Use the node label feature

This topic describes the node label feature of YARN and how to use the feature. This topic also provides answers to some frequently asked questions about the feature.

Overview

The node label feature allows you to manage the nodes on which NodeManagers are deployed in a cluster based on different partitions. One node can belong to only one partition. You can use the node label feature to divide the cluster into multiple partitions that contain different nodes. By default, the partition parameter is set to an empty string for a node (partition=""). This means that the node belongs to the DEFAULT partition.

The partitions can be classified into the following types:

Exclusive partition: Containers can be allocated to a node of an exclusive partition only if the partition is exactly matched.
Non-exclusive partition: Containers can be allocated to a node of a non-exclusive partition when the partition is exactly matched.

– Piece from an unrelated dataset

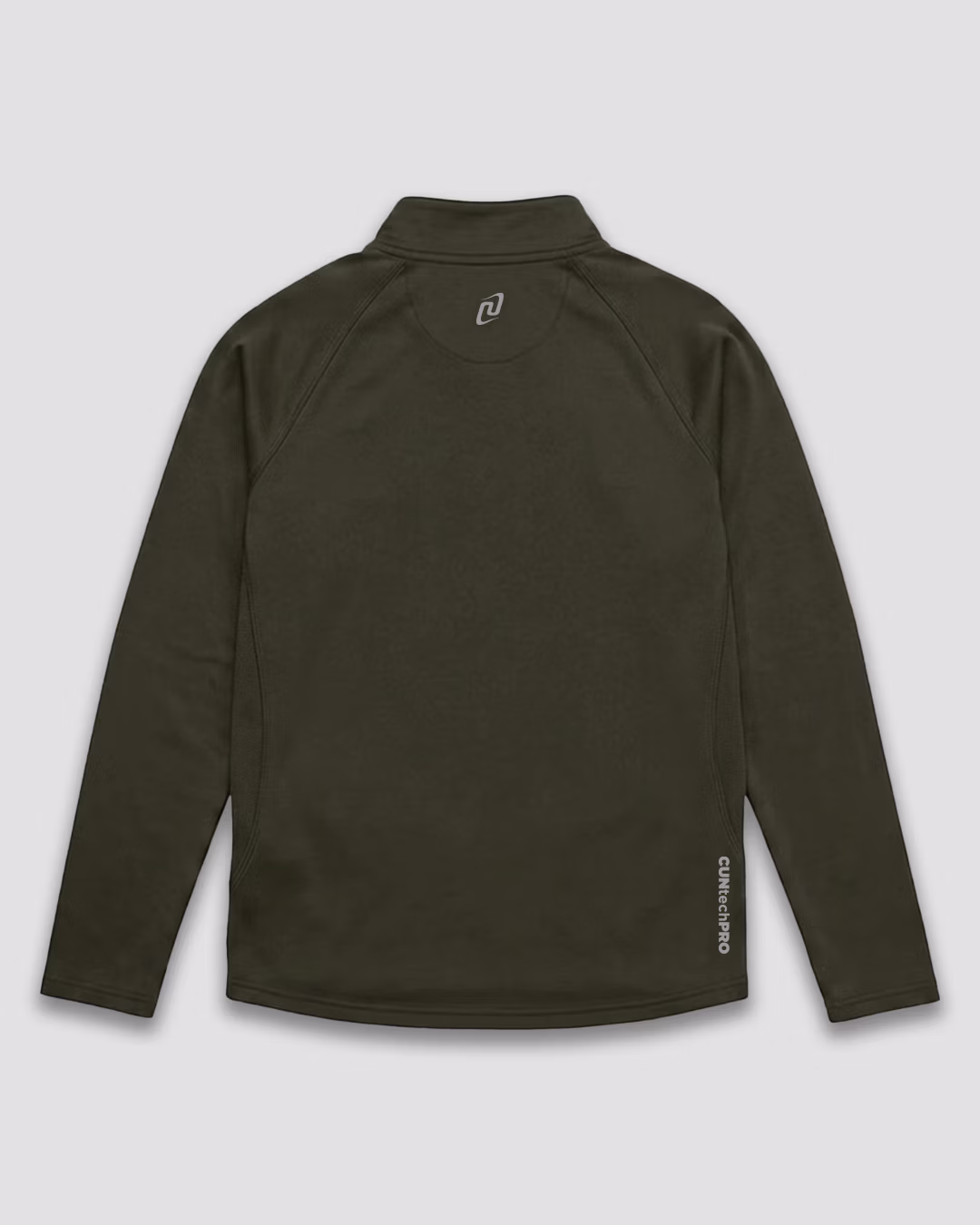 BLUZA HALF ZIP_KHAKI_TYŁ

If no partition is specified or the DEFAULT partition is specified as the partition to which containers are allocated, containers can be allocated to a node of a non-exclusive partition that has idle resources.

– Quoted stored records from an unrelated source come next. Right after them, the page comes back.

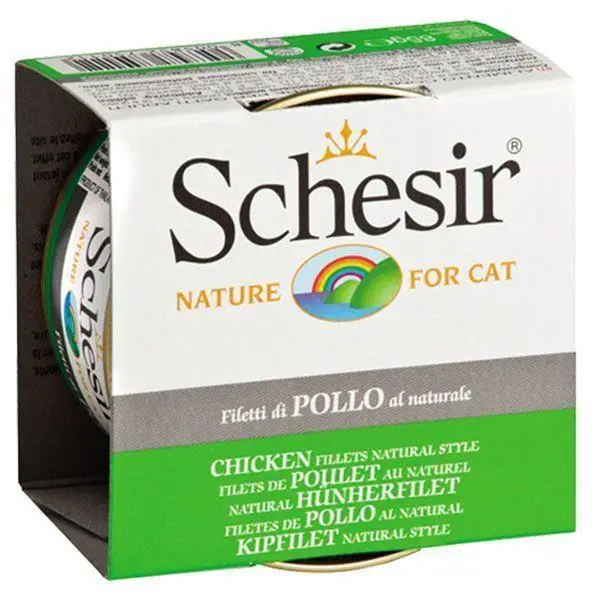 Schesir Suda Pişirilmiş Tavuklu Kedi Konservesi 85 gr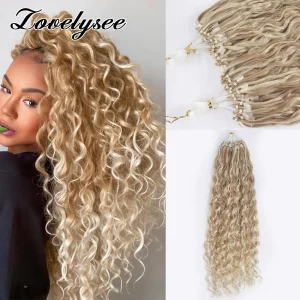 Extensões de cabelo Natural Compre Extensões de Cabelo Humano com Micro Argola 50 Peças | Loja dos Cabelos
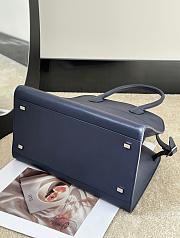 The Row Soft Margaux 12 Bag in Calfskin Leather Navy - 30.5x23x19cm - 6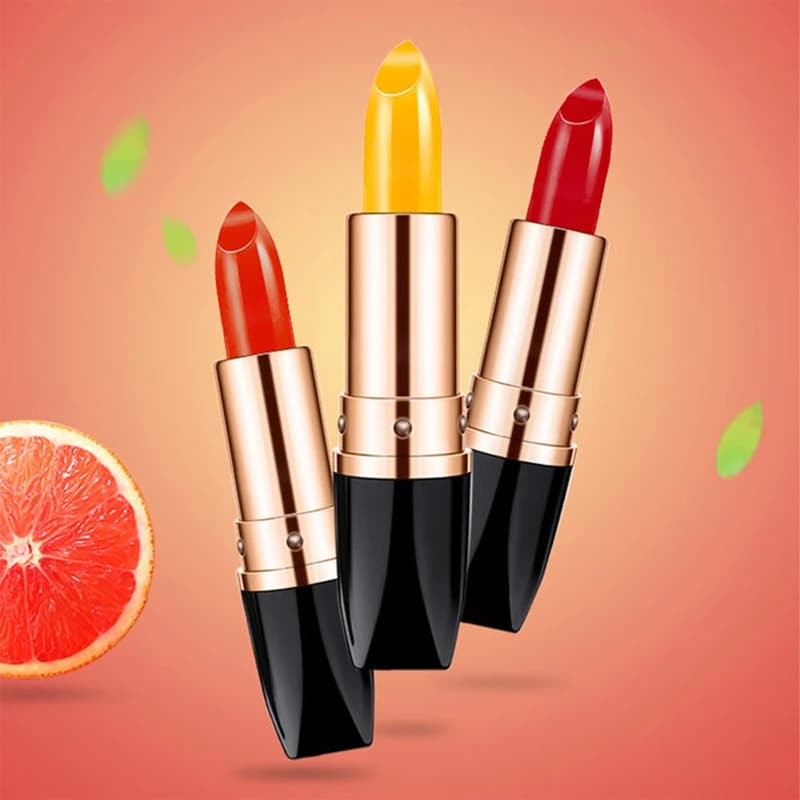 3PCS Color Changing Lipstick Set, Temperature & PH Sensitive, Long Lasting Moisturizing Lip Balm Gift Box For Women 4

Only Capacity Scheduler supports the node label feature. You can configure schedulers or the node-label-expression parameters of a compute engine to allocate containers in a queue to partitions that are accessible to the queue.

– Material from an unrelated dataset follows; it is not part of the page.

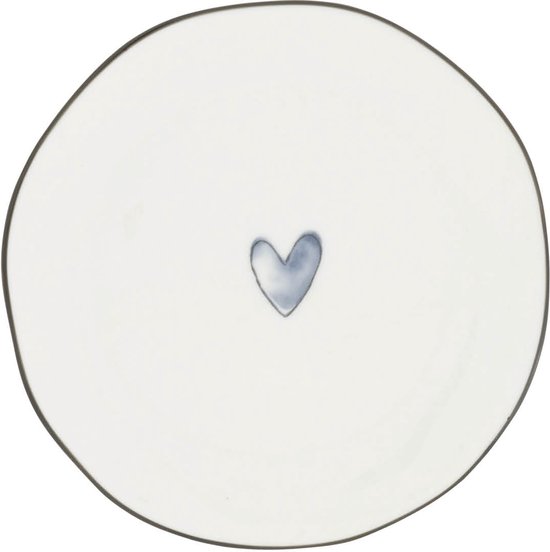 Bastion Collections - Side plate - iris blue heart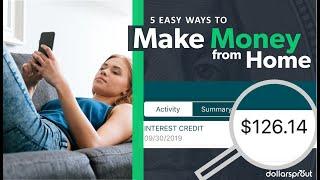 How to Make $1000+ per MONTH from Home  | 5 REAL Side Hustle Ideas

For more information about node labels, see YARN Node Labels.

Limits

If your cluster is of a minor version earlier than E-MapReduce (EMR) V5.11.1 or EMR V3.45.1, and the value of the yarn.node-labels.configuration-type configuration item in the yarn-site.xml file is centralized, you can follow instructions in this topic to use the node label feature.
If your cluster is of EMR V5.11.1, EMR V3.45.1, or a minor version later than EMR V5.11.1 or EMR V3.45.1, you can manage YARN partitions in the EMR console. For more information, see Manage YARN partitions in the EMR console.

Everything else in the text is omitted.